Wenn ein Mann zum Verbandsplatz gebracht wird, ist die Information, wie lange er bereits Blut verliert, tatsächlich lebenswichtig. Und wenn in einem Camp mehr als 50 Mann weitab der Zivilisation leben und es dort keine Kanalisation gibt, ist der Latrinendienst tatsächlich eine bessere Strafmaßnahme als Soldkürzungen. Auch benötigen in diesem Film unterschiedliche Waffen tatsächlich unterschiedliche Munition. Und zum ersten Mal seit langem sehen wir hier einen Kriegsfilm, der Munition von Anfang an als endliche und damit extrem wertvolle Ressource behandelt und nicht bloß an einer einzigen spannenden Stelle. Wenn Romesha im ersten Feuergefecht wenige gezielte Einzelschüsse aus seinem Sturmgewehr abgibt, sehen wir einen erfahrenen Soldaten, der weiß was er tut und keinen „Lone Survivor“.

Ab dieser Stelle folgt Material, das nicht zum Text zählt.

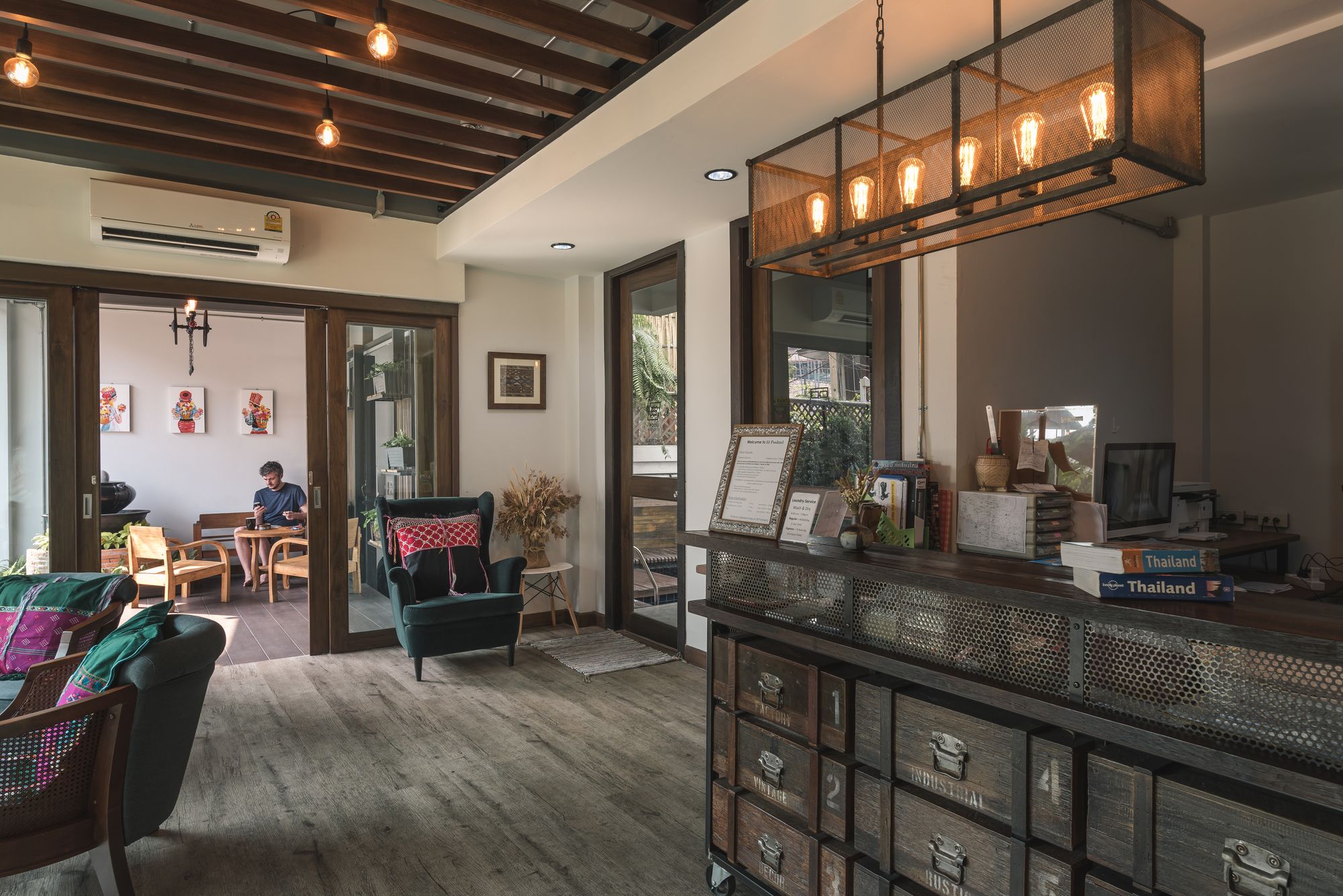 Фото 33 Poshtel - Adults Only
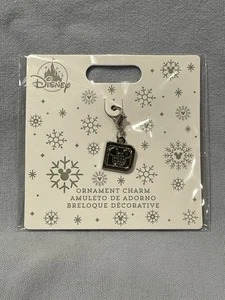 NEU Walt Disney World - Buchstabe "D" 2025 Ornament Charm - silberfarben - Bild 1 von 2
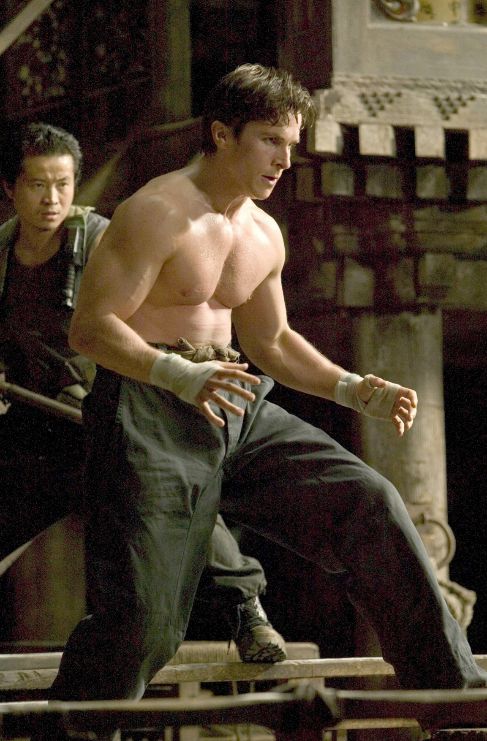 Christian Bale como Bruce Wayne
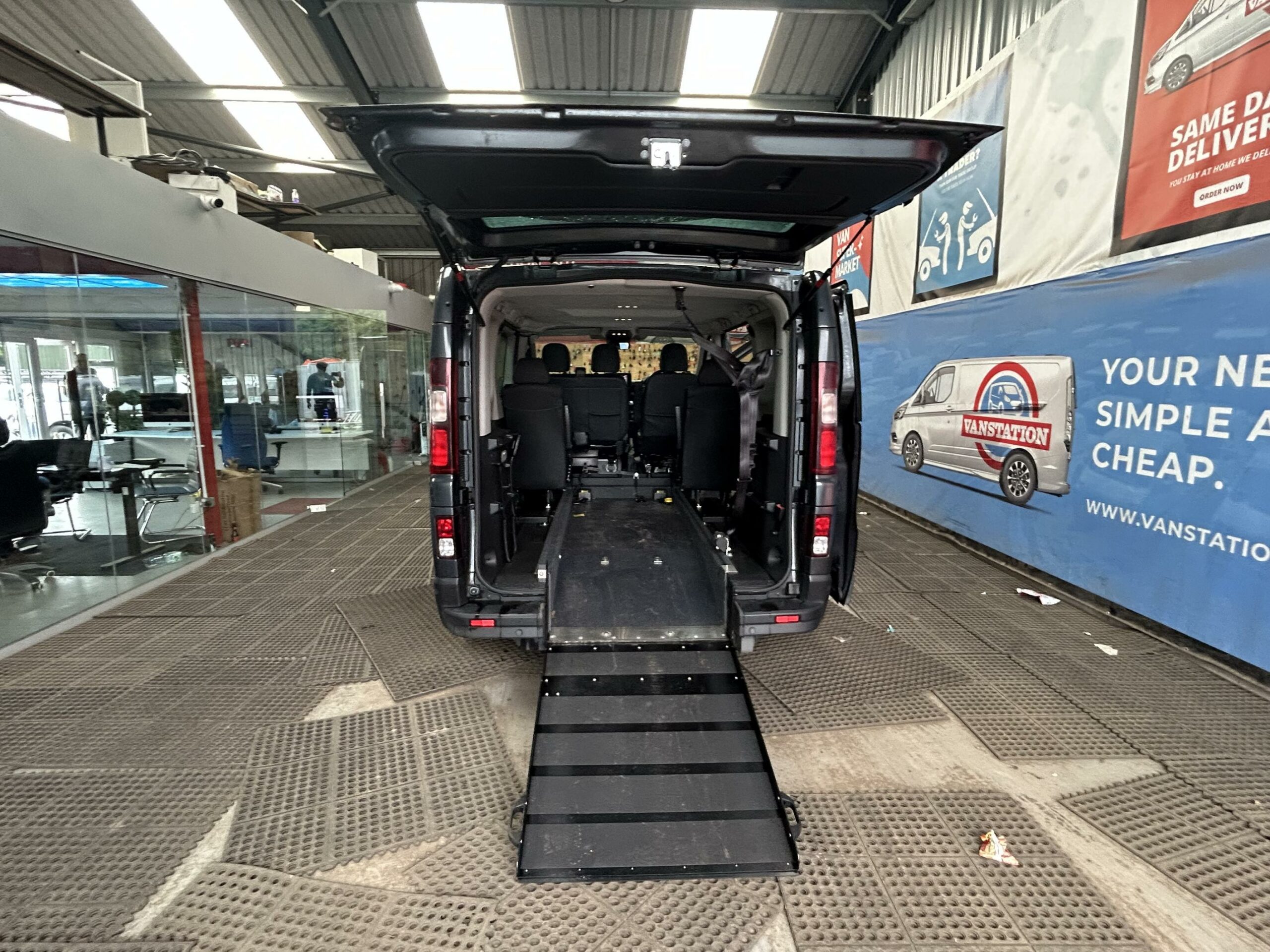 2022 Renault Trafic – Model: Trafic SL28 Sport Blue DCI – OU22AOE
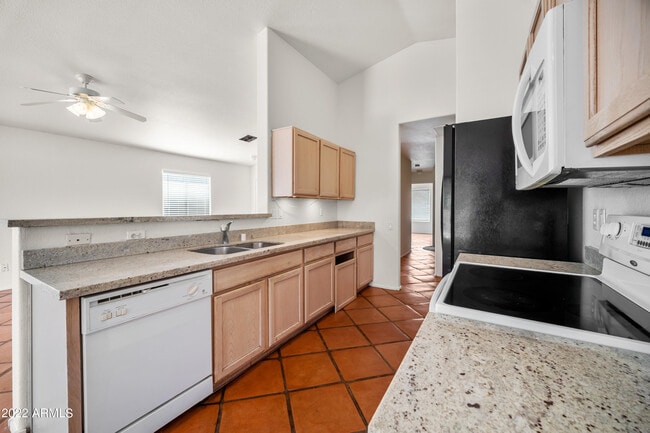 Building Photo - 1414 E Weldon Ave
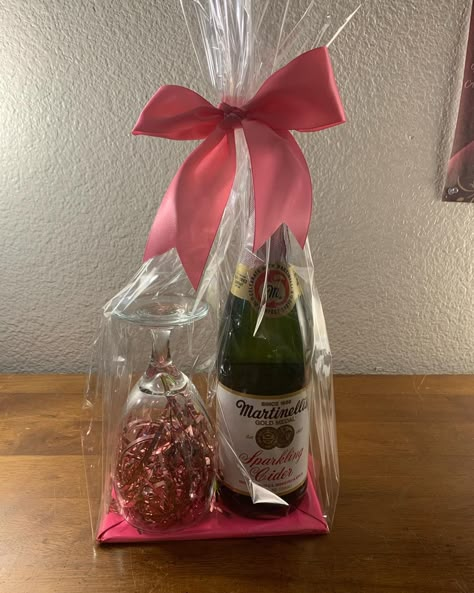 Wine Glass Gift Basket, Wine Glass Gifts Ideas, Alcohol Gift Baskets, Glass Crafts Diy, Bottle Gift Wrapping, Christmas Treats Boxes, Valentine Baskets, Christmas Wreaths Diy Easy, Wine Gift Baskets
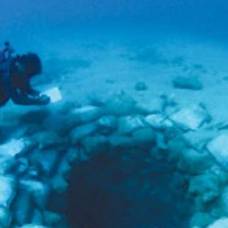 10 невероятных объектов, обнаруженных под водой
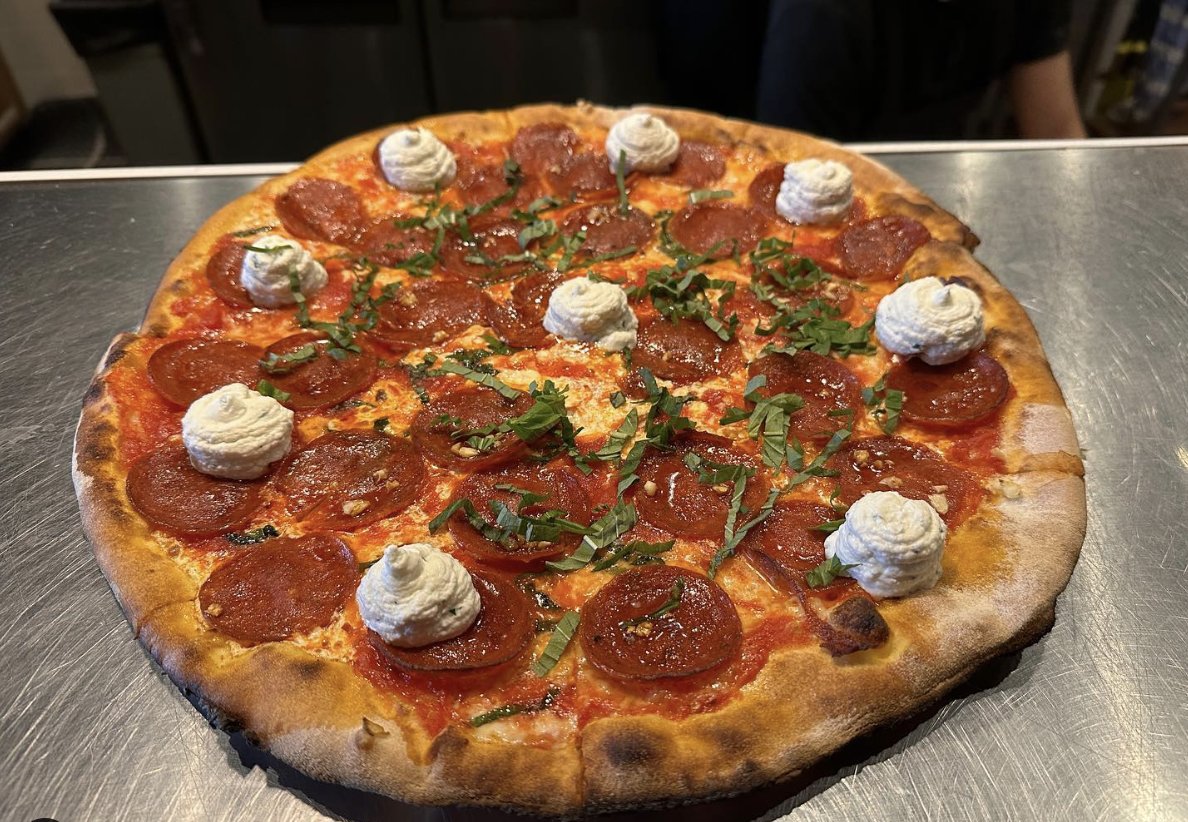 ChooseChicagoMx's tweet photo. ¿Algún amante de la pizza por aquí? 🍕😜 Bueno, en Chicago encontrarás el tour de pizza guiado profesionalmente número uno con Chicago Pizza Tours
https://t.co/sTmy5j5rDG
#ChicagoGOandKnow #Chicago #ChooseChicago
📸: chicago pizza tours https://t.co/ZfnulVCUXz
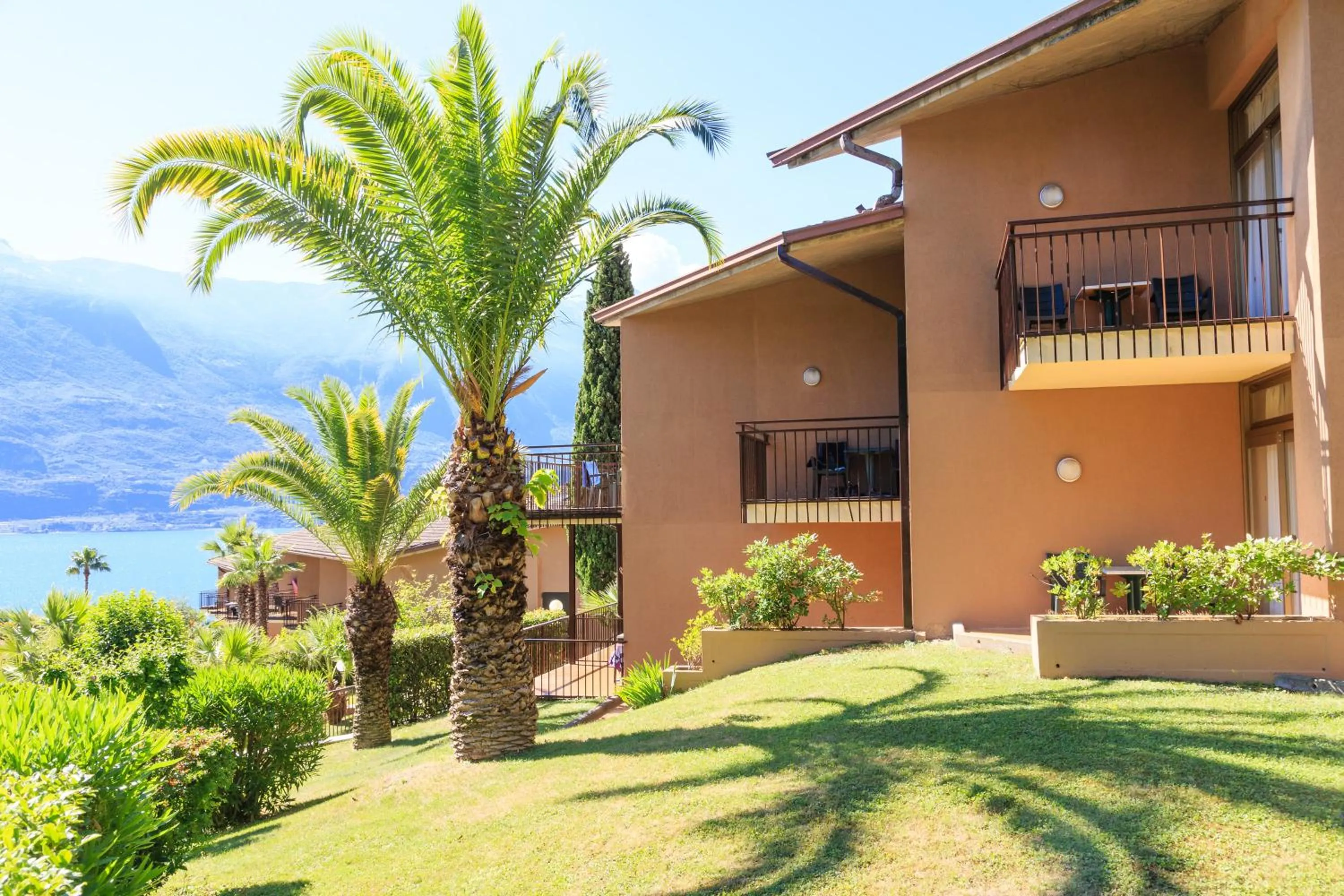 Facade/entrance in Hotel Leonardo Da Vinci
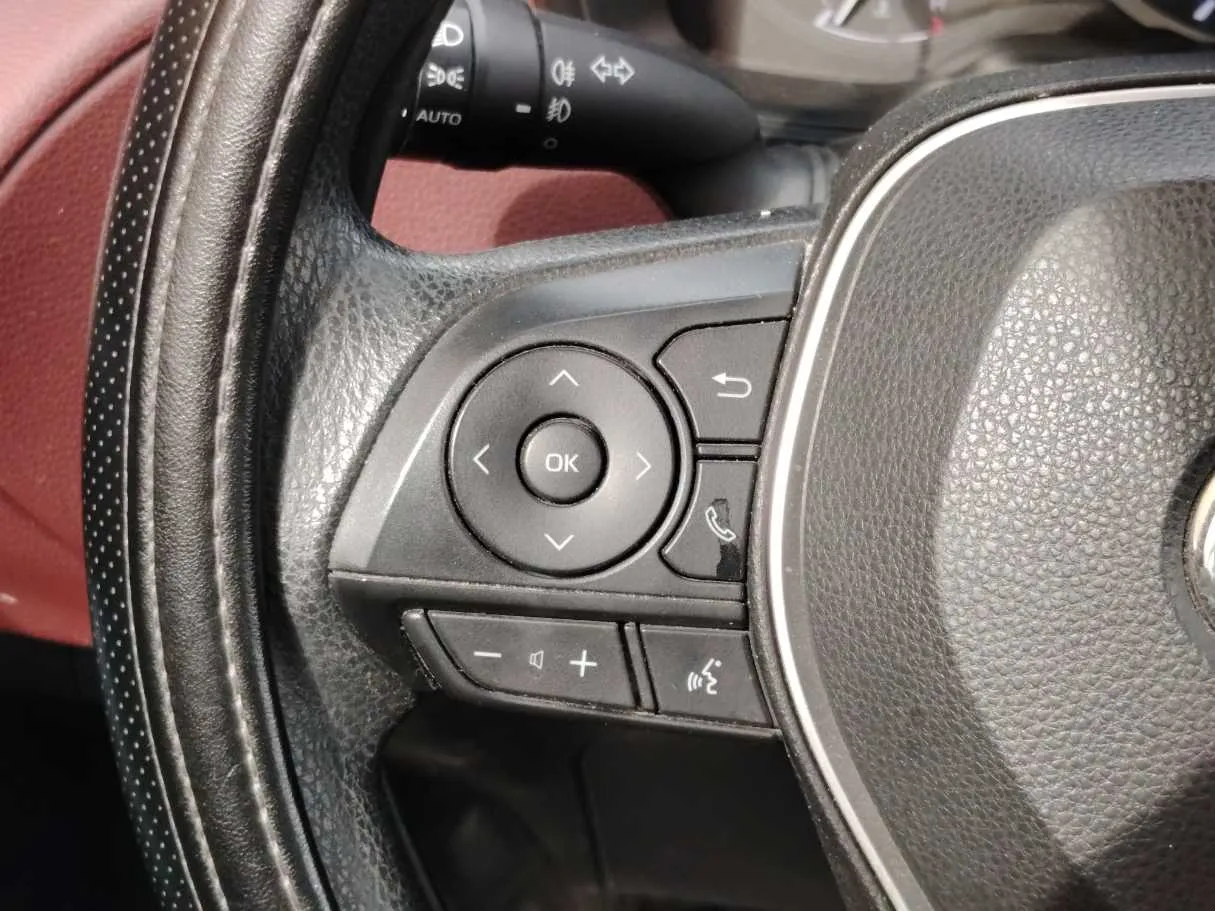 Car image 24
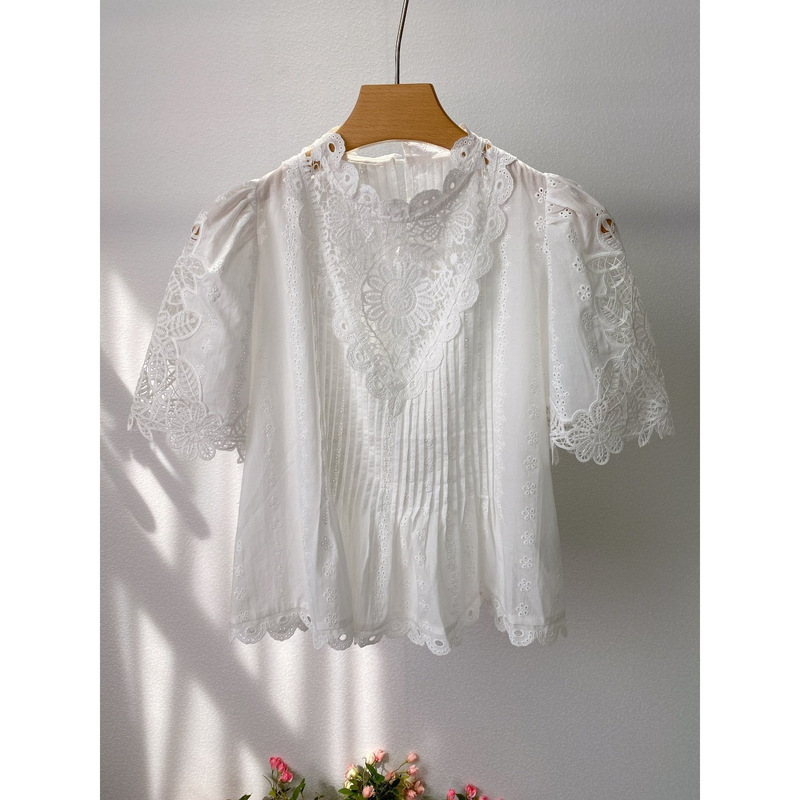 French-Style Sweet 2026 New White Romantic Retro Floral Lace Embroidered Hollow-Out Pleated Short-Sleeve Blouse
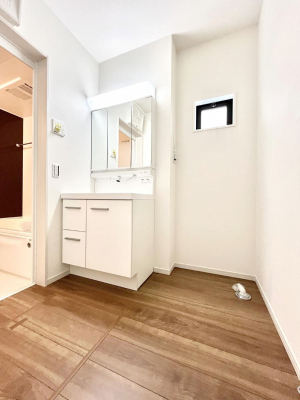 ���ʑ�E���ʏ��@�傫�����₷���O�ʋ��Ő�����������ʑ�́A�g�����Ȃ݃`�F�b�N�┧�̂������ɂ������߂ł��B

Die erfahrene Gelassenheit von Staff Sergeant Romesha vermittelt aber vor allem sein Darsteller Scott Eastwood („Fast & Furious 8“). Bisher hat der Sohn von Altmeister Clint kaum beeindruckende Leistungen gezeigt. In der Rolle des Unteroffiziers erinnert er in einigen Szenen aber stark an den jungen Herrn Papa. Wenn er einen auf Vorschriften bedachten Offizier fragt, wo die Schüsse den hergekommen seien, erinnert das an entsprechende Szenen in „Dirty Harry“. Aber er zeigt uns einen viel realistischeren Helden als wir sie in alten Filmen seines Vaters zu sehen bekamen. Seine Figur ist kein cooler Einzelgänger, sondern ein echter Anführer. Und so ist es auch besser, wenn er im Film von den Kameraden immer als „Ro“ angesprochen wird. Romeshas Vornahme lautet nämlich tatsächlich „Clint“ und so viel Verwirrung hätte nur abgelenkt.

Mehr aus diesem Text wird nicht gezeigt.